# Module 5 Lab - Data

In [1]:
% matplotlib inline

The special command above will make all the `matplotlib` images appear in the notebook.

## Directions

**Failure to follow the directions will result in a "0"**

The due dates for each are indicated in the Syllabus and the course calendar. If anything is unclear, please email EN605.448@gmail.com the official email for the course or ask questions in the Lab discussion area on Blackboard.

The Labs also present technical material that augments the lectures and "book".  You should read through the entire lab at the start of each module.

### General Instructions

1.  You will be submitting your assignment to Blackboard.
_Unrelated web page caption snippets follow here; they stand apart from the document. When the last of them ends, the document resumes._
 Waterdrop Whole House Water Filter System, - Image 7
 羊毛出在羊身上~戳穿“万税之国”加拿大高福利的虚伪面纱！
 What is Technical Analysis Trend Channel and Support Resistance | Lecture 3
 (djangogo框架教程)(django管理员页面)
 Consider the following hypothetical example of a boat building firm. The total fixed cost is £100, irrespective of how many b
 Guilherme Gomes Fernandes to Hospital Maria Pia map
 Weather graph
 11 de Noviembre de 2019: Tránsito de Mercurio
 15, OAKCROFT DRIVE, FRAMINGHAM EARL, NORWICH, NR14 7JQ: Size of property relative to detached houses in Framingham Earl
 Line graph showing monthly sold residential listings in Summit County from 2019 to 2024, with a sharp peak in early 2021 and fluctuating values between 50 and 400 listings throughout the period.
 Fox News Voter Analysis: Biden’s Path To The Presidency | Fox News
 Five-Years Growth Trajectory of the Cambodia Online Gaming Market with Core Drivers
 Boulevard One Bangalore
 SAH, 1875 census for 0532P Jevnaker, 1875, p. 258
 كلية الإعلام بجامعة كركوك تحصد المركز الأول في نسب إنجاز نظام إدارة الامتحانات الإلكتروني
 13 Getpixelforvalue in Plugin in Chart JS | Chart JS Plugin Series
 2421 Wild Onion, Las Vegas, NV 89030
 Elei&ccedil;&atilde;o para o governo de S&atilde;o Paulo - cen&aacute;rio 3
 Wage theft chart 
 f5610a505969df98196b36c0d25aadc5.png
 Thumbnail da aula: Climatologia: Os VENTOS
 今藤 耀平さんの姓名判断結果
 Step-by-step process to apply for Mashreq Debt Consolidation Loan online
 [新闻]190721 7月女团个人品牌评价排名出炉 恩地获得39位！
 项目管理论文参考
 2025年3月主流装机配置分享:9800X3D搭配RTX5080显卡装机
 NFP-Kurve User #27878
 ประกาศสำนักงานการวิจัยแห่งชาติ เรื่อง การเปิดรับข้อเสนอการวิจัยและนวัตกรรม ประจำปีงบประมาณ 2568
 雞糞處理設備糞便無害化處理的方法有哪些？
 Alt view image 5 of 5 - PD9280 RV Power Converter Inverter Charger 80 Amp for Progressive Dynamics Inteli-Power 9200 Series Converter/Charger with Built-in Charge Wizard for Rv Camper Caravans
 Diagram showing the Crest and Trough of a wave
If there are no accompanying files, you should submit *only* your notebook and it should be named using *only* your JHED id: fsmith79.ipynb for example if your JHED id were "fsmith79". If the assignment requires additional files, you should name the *folder/directory* your JHED id and put all items in that folder/directory, ZIP it up (only ZIP...no other compression), and submit it to Blackboard.
    
    * do **not** use absolute paths in your notebooks. All resources should appear in the same directory as the rest of your assignments.
    * the directory **must** be named your JHED id and **only** your JHED id.
    
This assignment has accompanying files. You should include in your zip file:

    1. [jhed_id].ipynb
    2. hurricanes.py - your preprocessing file.
    3. hurricanes.html - the local copy of the Wikipedia page.
    4. hurricanes.db - the SQLite database you create.
    
2. Data Science is as much about what you write (communicating) as the code you execute (researching). In many places, you will be required to execute code and discuss both the purpose and the result. Additionally, Data Science is about reproducibility and transparency. This includes good communication with your team and possibly with yourself. Therefore, you must show **all** work.

3. Avail yourself of the Markdown/Codecell nature of the notebook. If you don't know about Markdown, look it up. Your notebooks should not look like ransom notes. Don't make everything bold. Clearly indicate what question you are answering.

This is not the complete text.